**Try it**
The answer must consist solely of the lines from the one containing "Gouden kussensloop van" through the last line of the records, set down exactly and without any pictures.

[Short text fragments from websites]
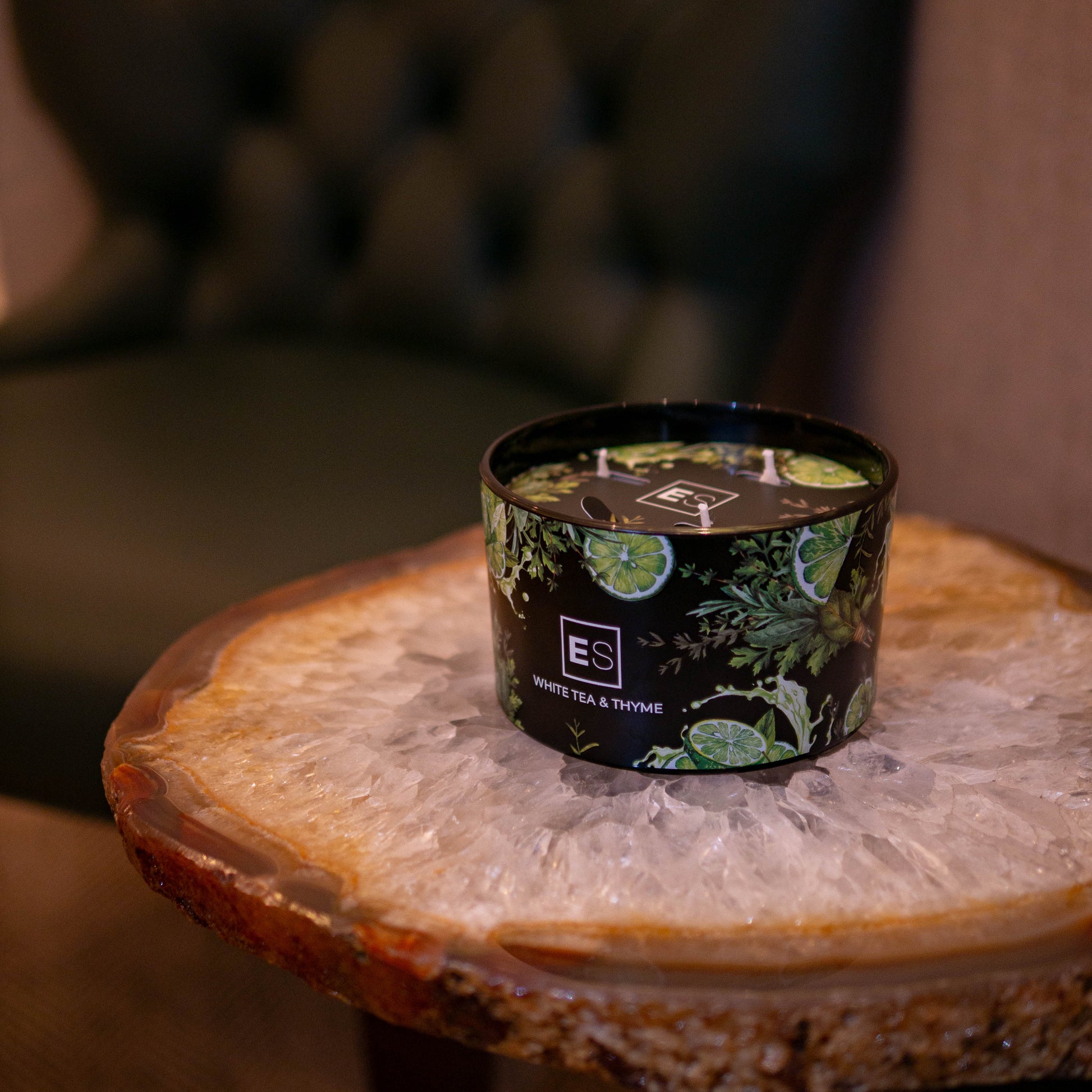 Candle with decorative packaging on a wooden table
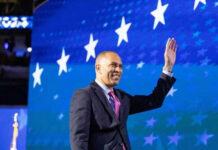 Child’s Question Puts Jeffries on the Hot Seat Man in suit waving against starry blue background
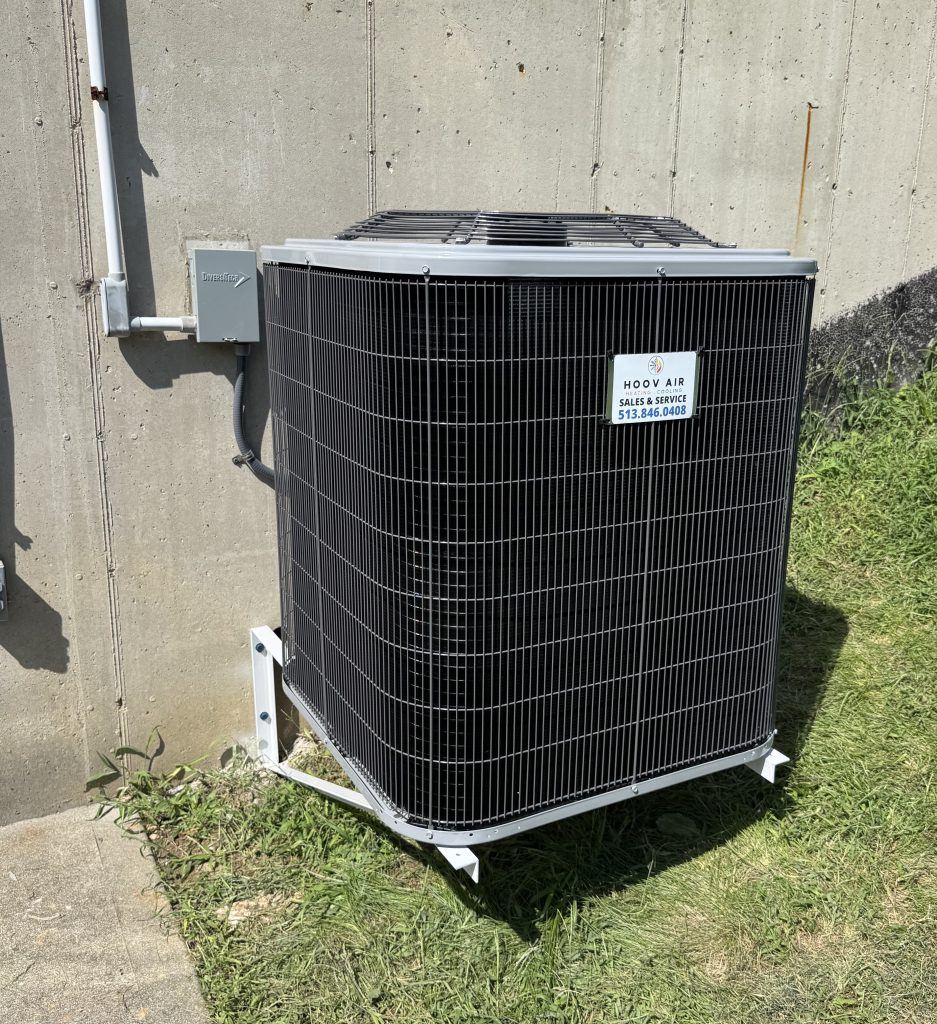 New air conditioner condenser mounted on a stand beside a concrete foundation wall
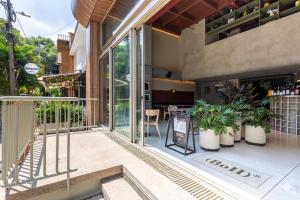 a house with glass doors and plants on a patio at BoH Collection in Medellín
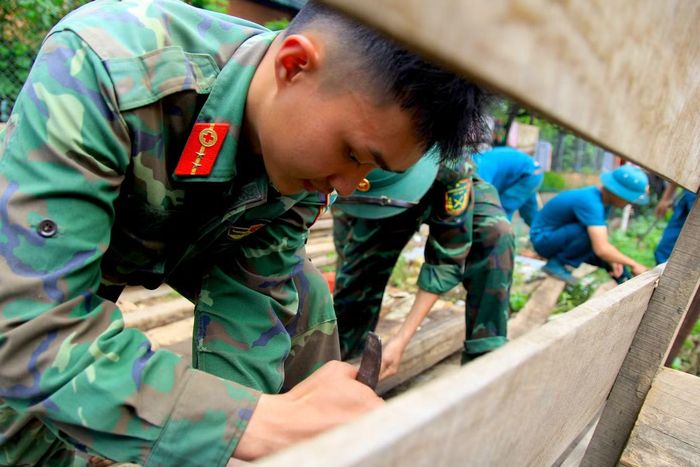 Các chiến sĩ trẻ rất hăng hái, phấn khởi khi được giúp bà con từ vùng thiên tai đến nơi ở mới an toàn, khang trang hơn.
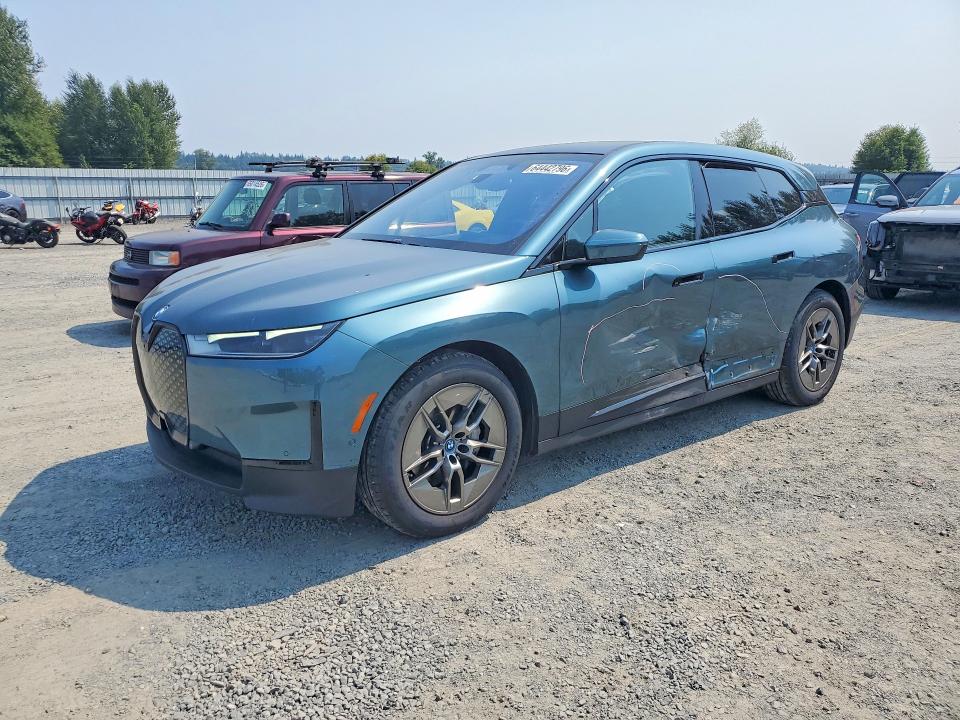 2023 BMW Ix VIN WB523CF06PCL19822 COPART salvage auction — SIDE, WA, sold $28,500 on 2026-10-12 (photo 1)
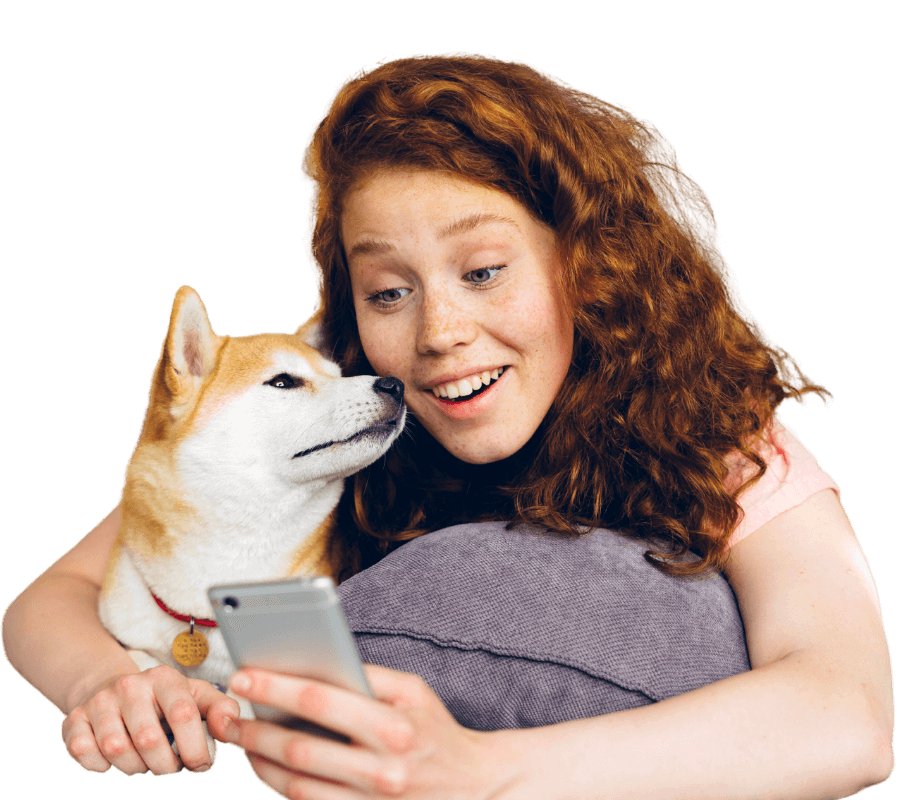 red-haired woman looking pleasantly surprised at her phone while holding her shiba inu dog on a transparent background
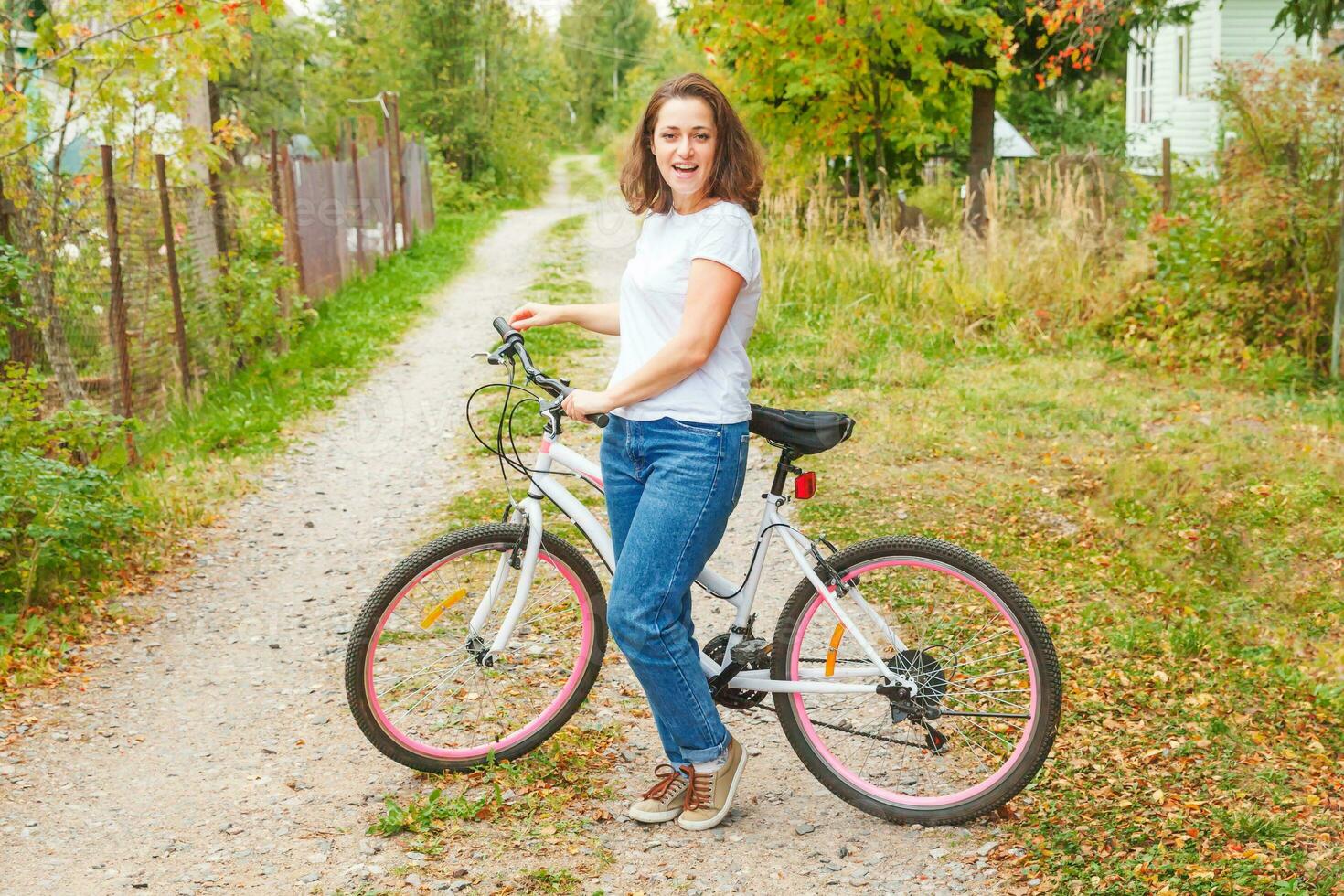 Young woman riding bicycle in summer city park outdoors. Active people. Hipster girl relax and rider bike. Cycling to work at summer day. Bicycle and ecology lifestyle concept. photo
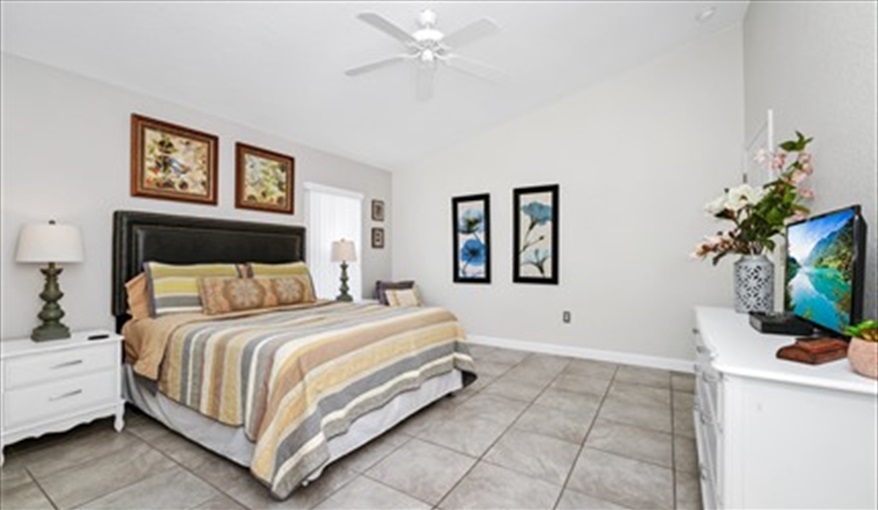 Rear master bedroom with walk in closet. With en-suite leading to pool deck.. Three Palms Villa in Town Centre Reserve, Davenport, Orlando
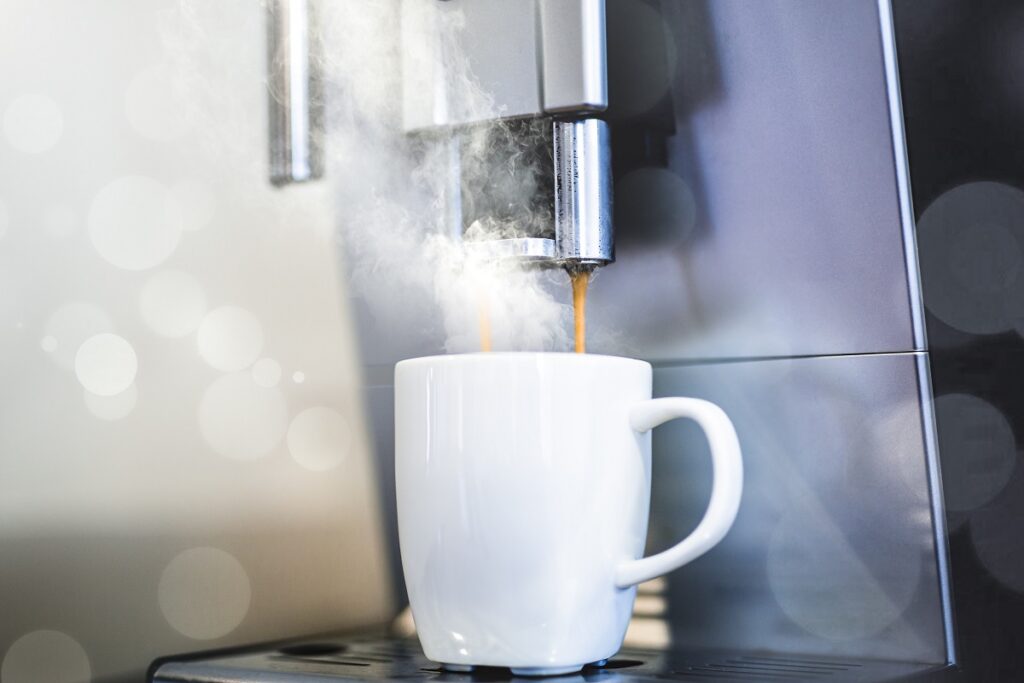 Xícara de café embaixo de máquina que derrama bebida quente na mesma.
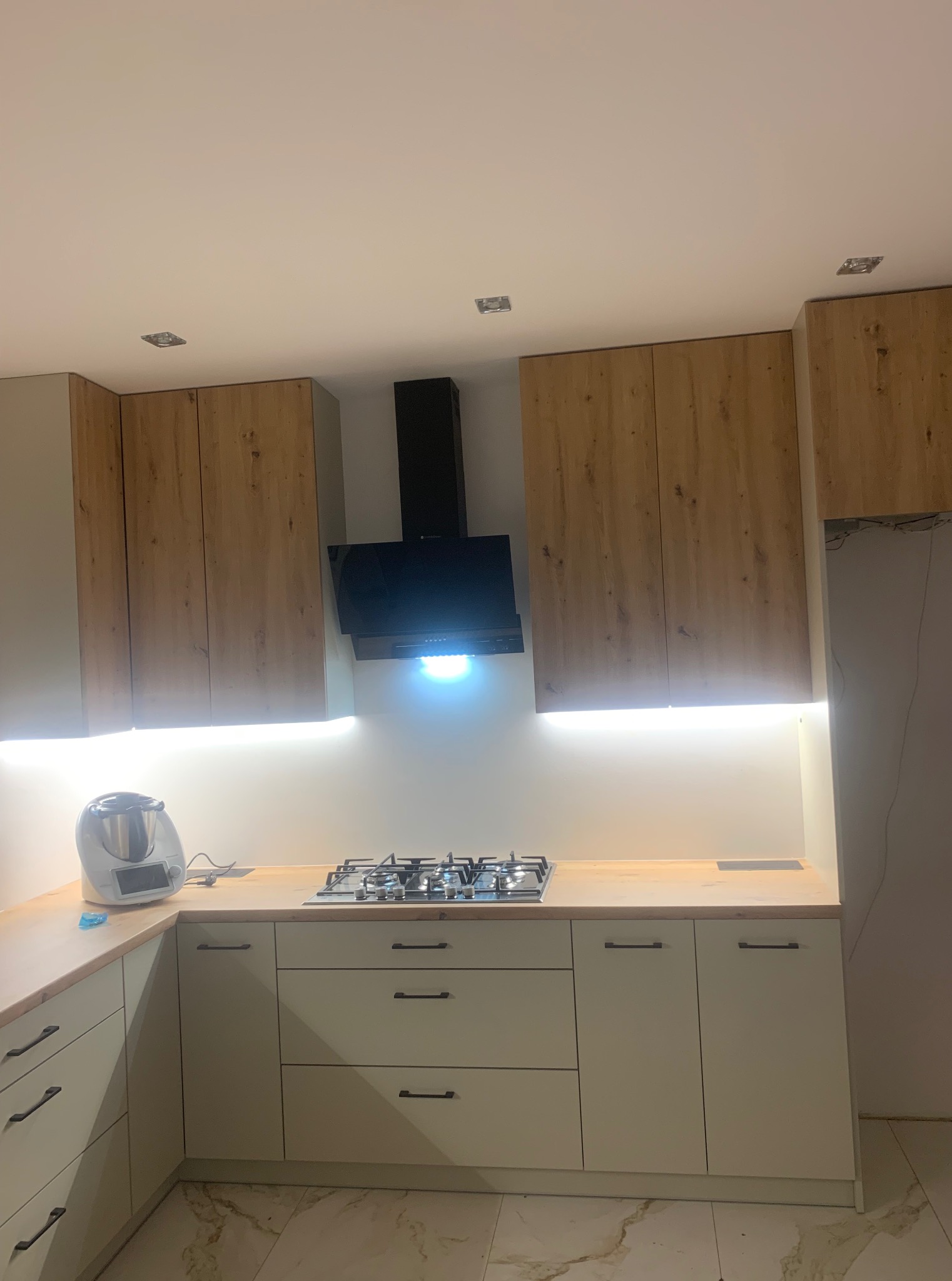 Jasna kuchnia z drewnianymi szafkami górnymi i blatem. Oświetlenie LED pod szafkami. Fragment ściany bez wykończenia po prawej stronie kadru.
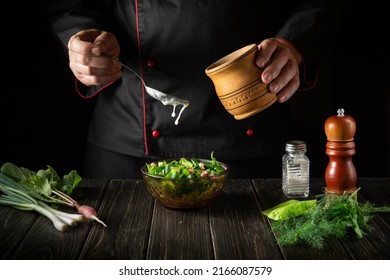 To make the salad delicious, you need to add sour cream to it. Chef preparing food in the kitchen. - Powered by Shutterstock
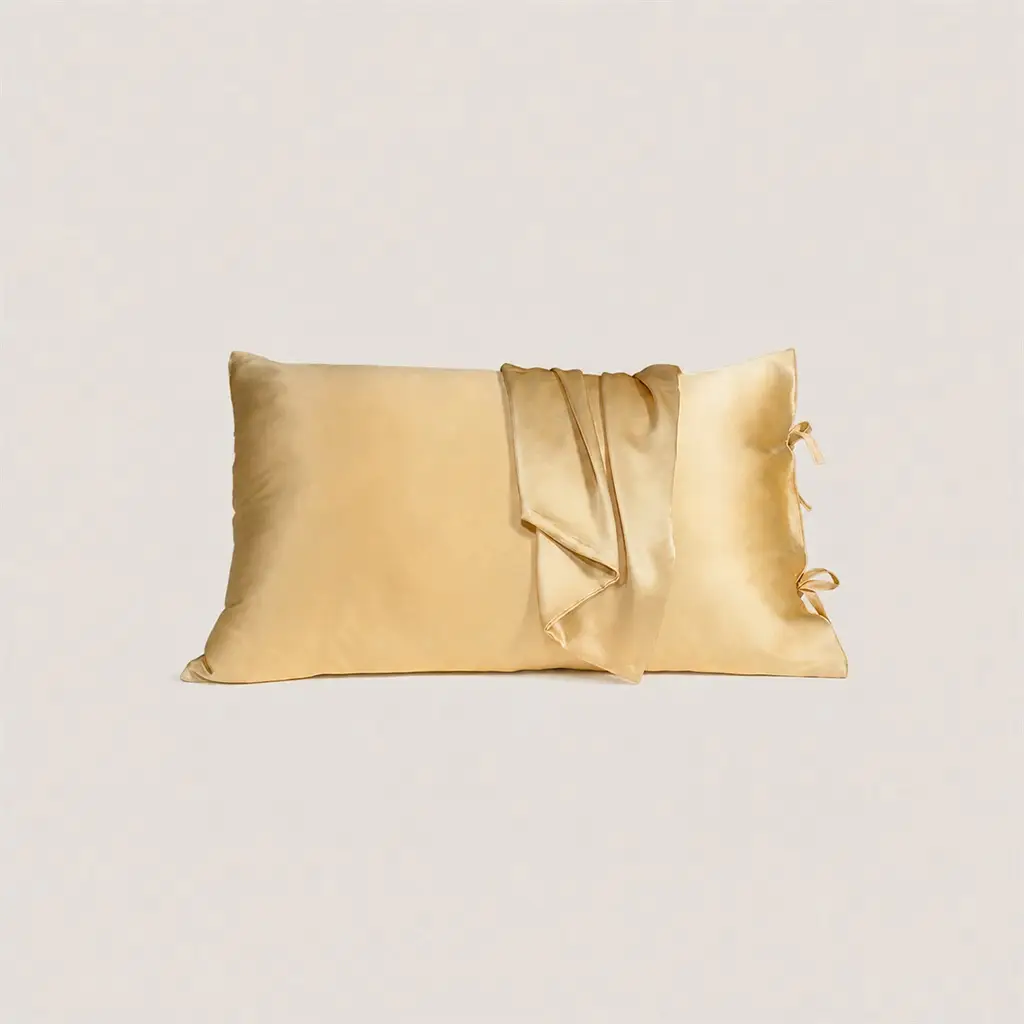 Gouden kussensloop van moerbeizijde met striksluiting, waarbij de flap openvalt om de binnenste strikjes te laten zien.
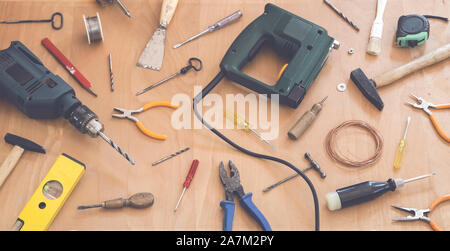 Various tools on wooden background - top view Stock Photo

**Response to the task**
 Gouden kussensloop van moerbeizijde met striksluiting, waarbij de flap openvalt om de binnenste strikjes te laten zien.
 Various tools on wooden background - top view Stock Photo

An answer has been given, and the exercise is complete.